Women in charge - Ladies dominate TV, radio production
Curtis Campbell, Gleaner Writer
The local entertainment industry is largely seen as male dominated. The majority of music and event producers are men, however, a set of young women appear to be making significant progress in the fields of radio and television production.
Programmes producer at CVM TV Saudicka Diaram is one such woman.
She believes over a period of time, more women will be involved in record production in the same way they have broken into the radio and television production side of things.
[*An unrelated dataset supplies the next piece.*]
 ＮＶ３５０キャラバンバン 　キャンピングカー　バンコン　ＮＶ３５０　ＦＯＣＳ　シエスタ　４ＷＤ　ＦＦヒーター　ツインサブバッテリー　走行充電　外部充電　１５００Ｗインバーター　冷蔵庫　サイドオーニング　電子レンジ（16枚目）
"I think it is a choice factor as it relates to the creative side. When it comes to the music side, traditionally men are always seen at the top. People like Chris Blackwell, etc. But with the current ascension of women, I think that more women will be producing music. If you look in music-video production you have people like Nordia Rose. The music is a male-dominated industry but we will get there eventually," Diaram said.
Diaram was recently recognised for her work by the Press Association of Jamaica. Added to that, her show DWRAP is now the number one entertainment show on CVM, according to a recent media survey. She believes entertainment should be approached differently.
"Producing entertainment programmes is beyond just the main stage. There should be no stereotypes and during our features, we don't limit entertainment to class. We show areas of entertainment that would normally be left out, so that boosts our popularity. Even when we interview artistes, we try getting news besides the ordinary to see how best we can create an impact," she said.
"I think we (men and women) are equally capable but we are judged based on sexuality. Sometimes we are even more creative but some people can't look beyond our sex, some people tend to think that a male works hard to achieve success but a woman does other things to get success or simply because we are pretty, but that is a misconception," Diaram said.
Producer and presenter of TVJ's Entertainment Prime, Debby Bissoon, thinks women have drawn closer to radio and television production because the areas allow for more freedom of expression.
"I think it has to do with the fact that we are very creative and artistic beings. And radio and television provides that outlet for expression. The music business has forever been dominated by male producers. Female record producer, The Wizard, is a really good inspiration for females who want to get into that business but it will be tough. The challenge female artistes face in the business will be the same challenge aspiring female producers face," she continued.
"Women are good producers, innately many have an eye for detail. We may sometimes come off as confusing but we all know that when a woman is passionate about something there is no stopping her. So I think we're (men and women) equally capable of replicating quality production," Bissoon said.
TVJ producer, Sharon Schroeter, says she has never been stereotyped by her male counterparts.
"There has never been an issue with male producers. From I've been working in television it has always been a female-dominated field. When women get into production they are more passionate about making a change so maybe that is why there are so much women in that side of things, but the male producers around me have always showed mutual respect," Schroeter said.
Diaram is set to produce a Valentine's Day show called Game of Hearts, also to be aired on CVM TV, while Debby Bissoon has now gone into radio.
Several other women have contributed to production in entertainment.
Women like Donna Chin from KLAS FM, Deniese 'Isis' Miller from Rootz FM, Sharon Burke, who produces events, Jenny Jenny from Hitz FM, among a host of others.